→ **Problem to solve**:
Exact transcription of the data below is required, without the images.

→ **Information supplied**:
####################
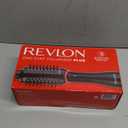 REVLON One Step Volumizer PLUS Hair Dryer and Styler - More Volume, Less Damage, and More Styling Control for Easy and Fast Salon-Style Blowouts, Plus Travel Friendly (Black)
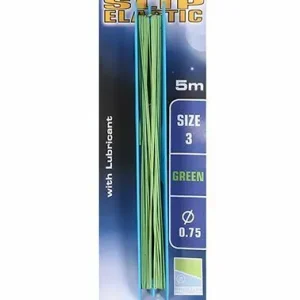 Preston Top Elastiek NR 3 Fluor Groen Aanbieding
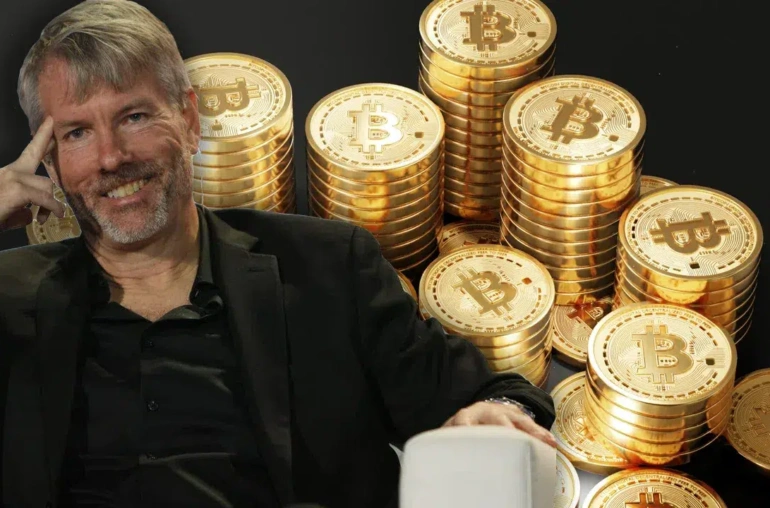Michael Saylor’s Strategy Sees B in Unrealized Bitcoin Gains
####################
→ **Problem solution**:
 REVLON One Step Volumizer PLUS Hair Dryer and Styler - More Volume, Less Damage, and More Styling Control for Easy and Fast Salon-Style Blowouts, Plus Travel Friendly (Black)
 Preston Top Elastiek NR 3 Fluor Groen Aanbieding
Michael Saylor’s Strategy Sees B in Unrealized Bitcoin Gains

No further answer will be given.